Tuesday, August 18, 2015

Session 1, Paper 2: A Declarative and Expressive Approach to Control Forwarding Paths in Carrier-Grade Networks

Authors: Renaud Hartert (UCLouvain), Stefano Vissicchio (UCLouvain), Pierre Schaus (UCLouvain), Olivier Bonaventure (UCLouvain), Clarence Filsfils (Cisco Systems Inc), Thomas Telkamp (Cisco Systems Inc), Pierre Francois (IMDEA Networks Institute)

Presenter: Stefano Vissicchio


This paper introduces a two-layer architecture in control plane to achieve scalable traffic engineering in carrier-grade networks. The solution supports declarativity and expressiveness by doing two things:
  • A centralized optimizer, DEFO, which translates high-level goals into optimized paths
  • A routing model called Middlepoint Routing (MR), which is less constrained than shortest-path routing and natively supports multi-path routing (contrary to end-to-end tunneling).

The two-layer architecture are optimization layer on top of connectivity layer.

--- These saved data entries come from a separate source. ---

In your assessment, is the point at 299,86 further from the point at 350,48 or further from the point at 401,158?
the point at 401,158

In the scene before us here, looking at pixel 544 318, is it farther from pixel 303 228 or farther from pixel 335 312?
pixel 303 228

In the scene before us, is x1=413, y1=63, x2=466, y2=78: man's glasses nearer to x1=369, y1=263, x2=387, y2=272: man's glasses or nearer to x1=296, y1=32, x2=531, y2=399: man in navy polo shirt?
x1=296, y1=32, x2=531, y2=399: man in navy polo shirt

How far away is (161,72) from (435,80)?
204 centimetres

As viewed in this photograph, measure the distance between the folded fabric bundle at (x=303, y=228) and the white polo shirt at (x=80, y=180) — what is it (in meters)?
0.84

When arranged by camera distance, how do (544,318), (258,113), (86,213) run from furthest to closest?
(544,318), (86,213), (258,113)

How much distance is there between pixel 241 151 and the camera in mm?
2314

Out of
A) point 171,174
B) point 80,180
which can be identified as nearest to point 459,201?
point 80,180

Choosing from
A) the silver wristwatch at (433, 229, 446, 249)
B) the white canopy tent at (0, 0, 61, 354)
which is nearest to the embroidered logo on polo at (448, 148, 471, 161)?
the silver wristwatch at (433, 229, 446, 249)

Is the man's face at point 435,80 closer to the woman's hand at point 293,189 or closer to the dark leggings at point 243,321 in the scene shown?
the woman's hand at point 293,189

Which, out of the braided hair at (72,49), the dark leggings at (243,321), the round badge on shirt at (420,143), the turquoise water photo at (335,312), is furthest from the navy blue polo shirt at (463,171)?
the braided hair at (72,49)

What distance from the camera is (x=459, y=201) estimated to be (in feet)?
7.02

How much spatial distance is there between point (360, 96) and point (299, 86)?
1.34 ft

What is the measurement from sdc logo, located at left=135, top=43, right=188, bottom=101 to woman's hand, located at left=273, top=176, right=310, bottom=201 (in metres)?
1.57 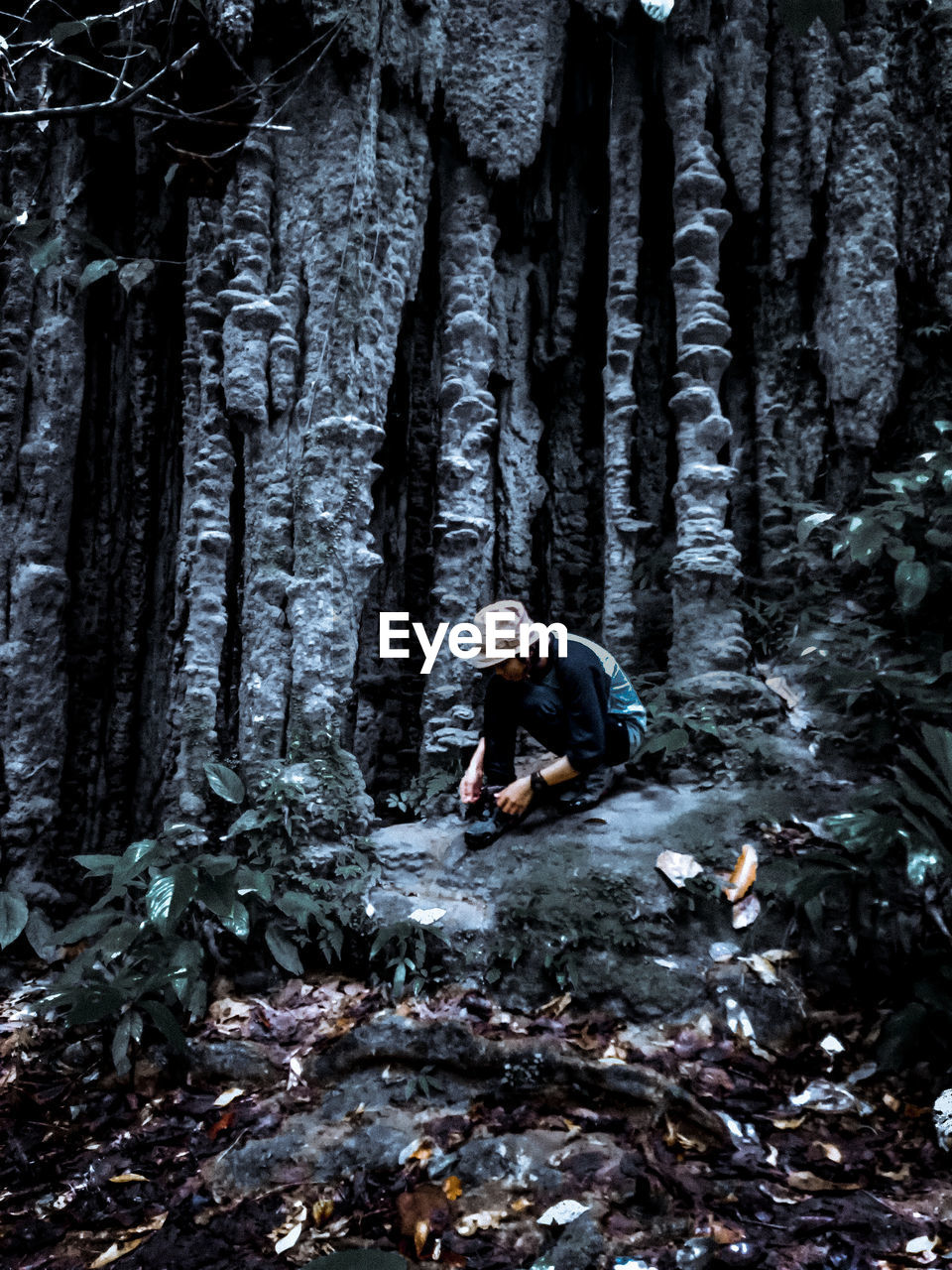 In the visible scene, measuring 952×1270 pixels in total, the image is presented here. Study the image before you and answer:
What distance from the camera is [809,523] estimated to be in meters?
4.62

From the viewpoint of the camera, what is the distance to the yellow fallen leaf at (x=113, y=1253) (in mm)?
1947

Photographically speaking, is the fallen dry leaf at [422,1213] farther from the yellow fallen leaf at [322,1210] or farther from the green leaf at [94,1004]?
the green leaf at [94,1004]

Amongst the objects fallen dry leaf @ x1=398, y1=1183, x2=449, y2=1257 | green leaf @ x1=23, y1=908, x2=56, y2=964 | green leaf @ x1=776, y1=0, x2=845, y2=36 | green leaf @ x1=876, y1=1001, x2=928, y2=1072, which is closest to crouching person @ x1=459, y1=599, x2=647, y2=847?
green leaf @ x1=876, y1=1001, x2=928, y2=1072

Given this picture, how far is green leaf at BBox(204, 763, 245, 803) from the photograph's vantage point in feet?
11.5

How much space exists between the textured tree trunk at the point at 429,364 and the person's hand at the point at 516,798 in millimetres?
724

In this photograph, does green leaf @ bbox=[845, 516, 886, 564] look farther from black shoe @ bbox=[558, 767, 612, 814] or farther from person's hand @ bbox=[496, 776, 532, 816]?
person's hand @ bbox=[496, 776, 532, 816]

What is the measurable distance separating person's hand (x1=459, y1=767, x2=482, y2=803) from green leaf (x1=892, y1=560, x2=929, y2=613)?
232cm

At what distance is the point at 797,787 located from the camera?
12.1 feet

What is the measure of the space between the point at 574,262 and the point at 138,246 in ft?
10.0

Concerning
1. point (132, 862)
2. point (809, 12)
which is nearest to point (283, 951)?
point (132, 862)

At optimization layer, it provides a domain specific language which enables network operators to declaratively define traffic engineering targets and constraints, and translates them into optimized paths. At connectivity layer, the configurations are initially done by the operators and later overwritten by optimized ones if generated by upper layer. DEFO computes paths based on Middlepoint Routing model, and midpoint selection is proved to be NP-hard. The authors propose a heuristic approach to compute solutions.

The evaluation is done on multiple topologies (including real-world ISP topologies, topologies from Rocketfuel project and synthetic ones) and multiple demand matrices. The result shows that DEFO is more efficient than incremental IGP-WO, and DEFO has low er optimization overhead compared to RSVP-TE.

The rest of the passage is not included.